Blue States: The Soundings

Blue States
The Soundings
Memphis Industries
2004-06-14

Expectations can be poisonous.

The only good expectations to have are low expectations, because, in any event, you can’t help but be pleased if things turn out even halfway decent. High expectations exist to become disappointments.

I’m not going to say I had immense expectations for Blue State’s third album, but I definitely had expectations. Their debut, 2000’s Nothing Changes Under The Sun, was very good, if slightly derivative. 2002’s Man Mountain was better, and it seemed as if some of the more calculated elements of their debut were beginning to dissipate. There was every expectation that The Soundings could very well have been their breakout album. But instead of crafting a direct sequel to their previous two records, Blue States has veered sharply leftward and into dangerous territory.

Blue States first two records barely made a splash when they first appeared stateside, and this is something of a shame. Blue States is the brainchild of multi-instrumental songwriter Andy Dragazis, Blue States rose to prominence in Britain as the first band signed to the fledgling Memphis Industries label. Distributed in America by the Thievery Corporation’s Eighteenth Street Lounge label, 2000’s Nothing Changes Under The Sun offered a refreshing mix of downtempo acid-jazz with the strong influence of ’60s-style instrumental psychedelia. Man Mountain upped the ante, approaching a near-perfect approximation of 60s instrumental pop with just a slight twinge of otherworldly melancholy. Based on these foundations, I felt that Blue States had it in them to surpass their early work and produce a blissed-out, retro-electronic pop masterpiece in the vein of Death in Vegas’ The Contino Sessions or Spiritualized’s Ladies and Gentlemen We Are Floating In Space.

But that’s not the record that Blue States decided to make. For one thing, they’ve got vocals now. There were certainly vocal elements on their previous two albums — in particular Tahita Bulmer’s excellent contributions to Man Mountain — but the first thing that you notice about The Soundings is that someone in the group is actually singing. That someone is the group’s co-songwriter and guitarist Chris Carr. Apparently, Blue States became a bona fide rock group when we weren’t looking.

But — and here’s the catch — the new sound fits them surprisingly well.

The album’s first track, “Across the Wire”, is a mournful elegy in the tradition of Joy Division’s “Atmosphere.” Carr’s voice is more than a little redolent of Ian Curtis’ (if you subtract the obvious fact that Curtis was a deep baritone and Carr is a high tenor, the two share a similar trilled phrasing).

The album’s first instrumental, “One Night On Tulane”, is more in tune with my original expectations for the album. The interplay between a jangly rhythm guitar and a mournful trumpet builds to an appropriately majestic crescendo, with martial drumming and what sounds like a Hawaiian slide coming into play before the track finishes. “Tulane” fades into the opening chords of “The Last Blast”, perhaps the album’s catchiest track, a slice of optimistic pop that brings to mind the Polyphonic Spree covering the Stone Roses’ classic “I Am the Resurrection.”

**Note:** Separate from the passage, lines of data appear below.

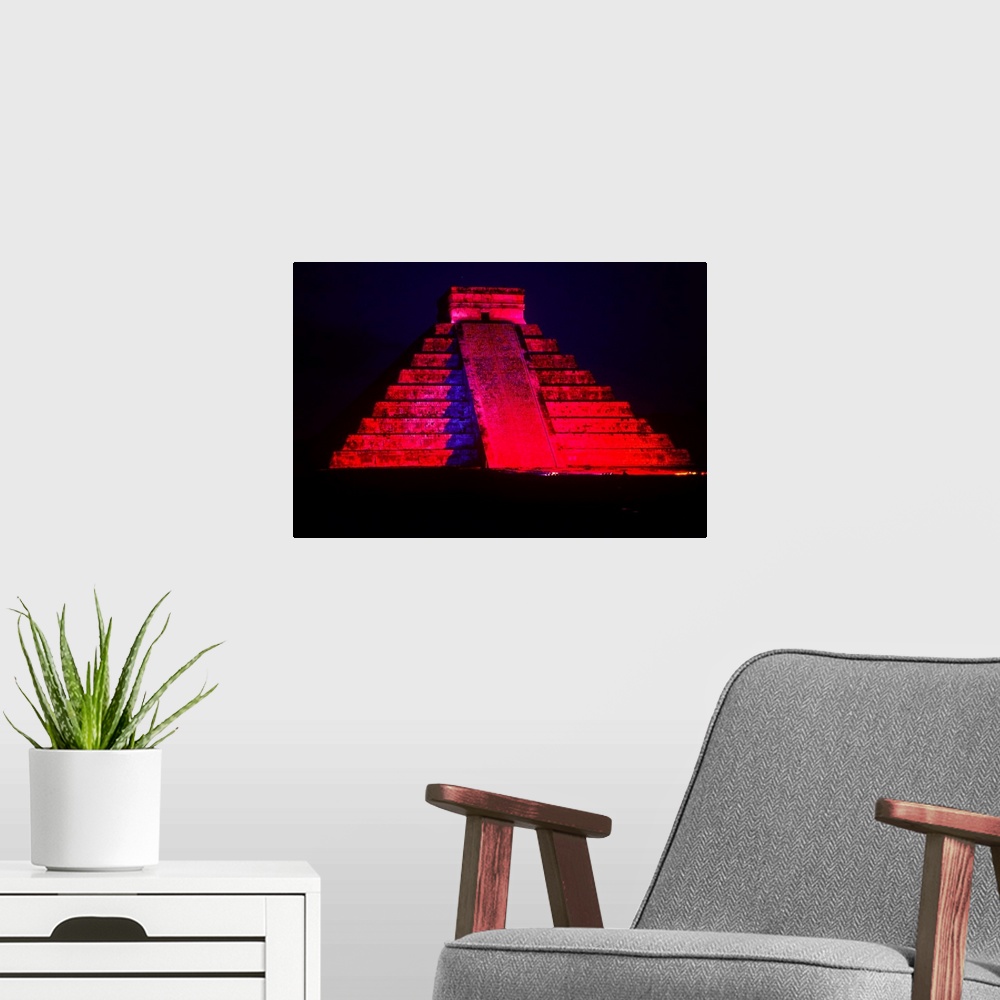 A modern room featuring The Pyramid of Kukulcan, also known as "El Castillo", is the most important monument of Chichen I...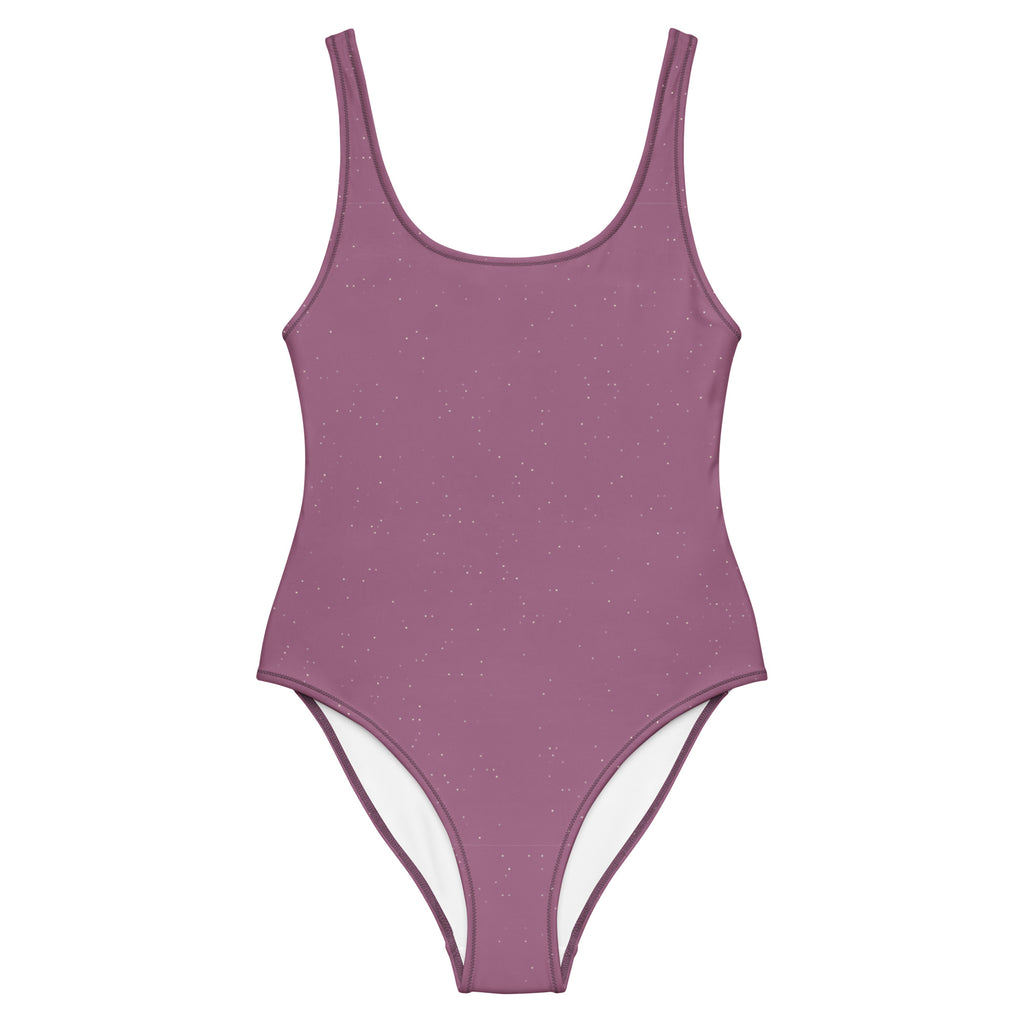 Mauvefarbener Damenbadeanzug Mauve Stardust mit Rundhalsausschnitt, breiten Trägern und dezenten Glitzerakzenten, präsentiert vor türkisblauem Meer und einer mediterranen Steinterrasse mit roten Rosen.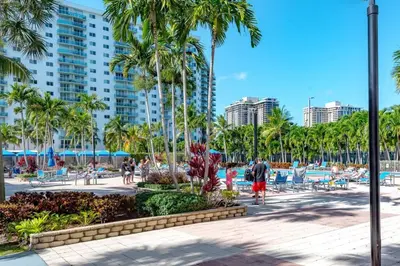a resort with palm trees and a pool at Cozy newly furnished apartment , on the 6th floor. in Sunny Isles Beach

Another dolorous instrumental, “Output”, follows “The Last Blast”, and is itself followed by “Final Flight”, perhaps the album’s most overt tribute to the Nuggets-era garage pop that informs the entire disc. The Soundings final track, the aptly named “Sad Song”, is perhaps the best example of the group’s newfound songwriting chops, with the type of joyously buoyant melodic movement that makes you believe in the power of pop music to create hope out of deep melancholia.

In case you haven’t guessed, I like the album. I will admit to having been considerably thrown by the fact that it wasn’t the album I expected to hear. This was not the follow-up to Man Mountain I expected them to record. But, to return to my original point, perhaps expectations exist to be subverted. After all, even Death in Vegas followed-up the near-perfect Contino Sessions with the seriously flawed Scorpio Rising, which sounded for the life of me like a conscious attempt to redo what had already been accomplished with Contino.

So, cheers to Blue States, for knowing what was good for me, even if I didn’t. I like The Soundings better with every listen. It’s subtle in all the right places, majestic when it needs to be, and with the exception of a few less-inspired ballads, is a damn fine album from start to finish.